▸ **The problem**
Here the job is to transcribe the data verbatim while leaving each picture out.

▸ **Data segment**
----------------
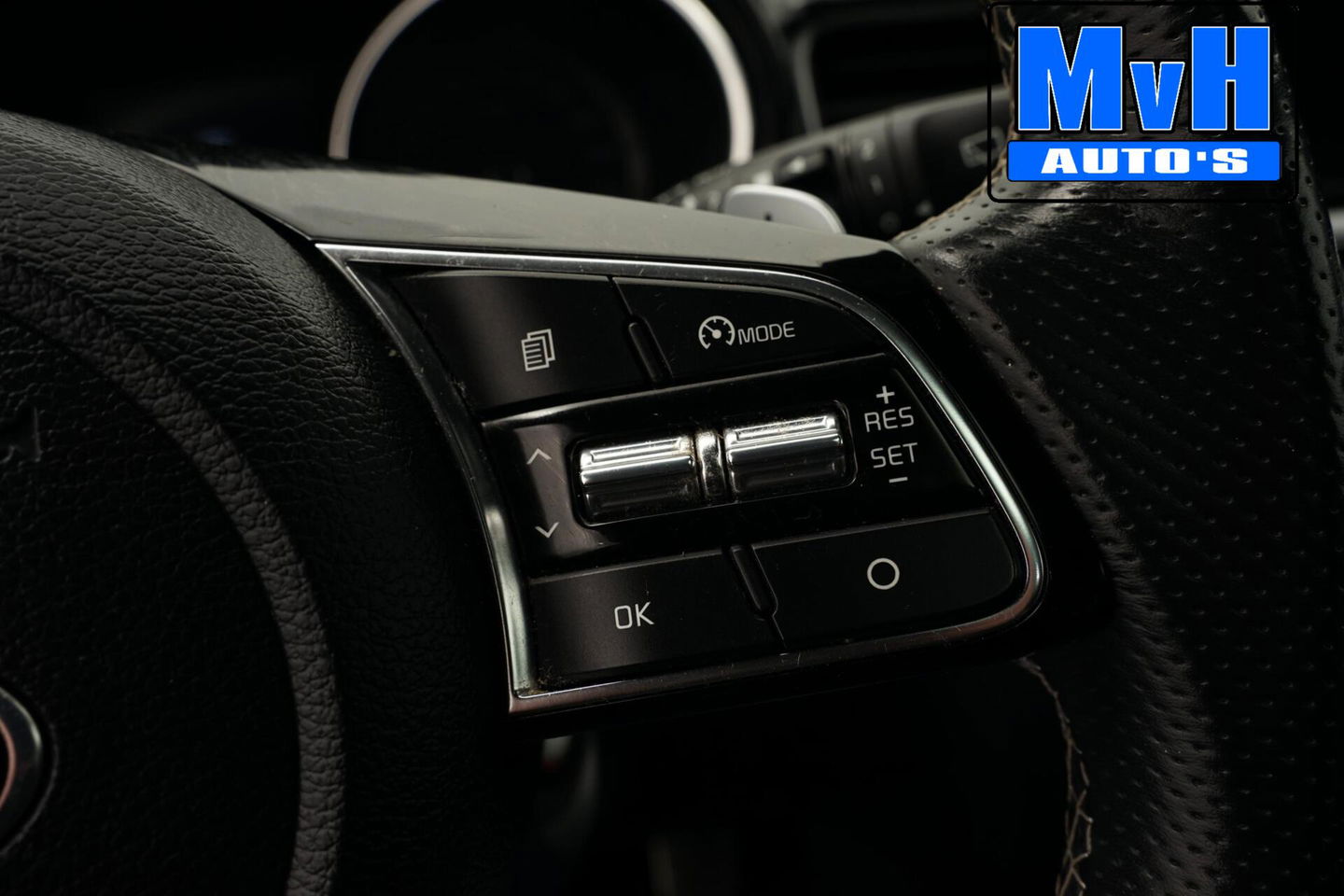 Kia ProCeed 1.5 T-GDi MHEV GT-Line Edition|160PK|PANO|LED|NAP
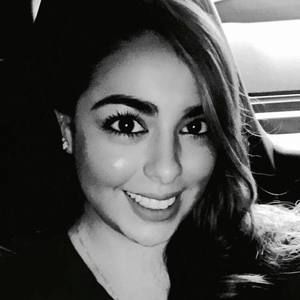 Meet your Posher, Katarina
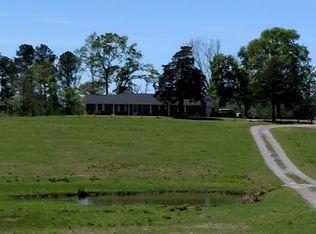 3278 Fm 10, Carthage, TX 75633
----------------
▸ **Answer space**
 Kia ProCeed 1.5 T-GDi MHEV GT-Line Edition|160PK|PANO|LED|NAP
 Meet your Posher, Katarina
 3278 Fm 10, Carthage, TX 75633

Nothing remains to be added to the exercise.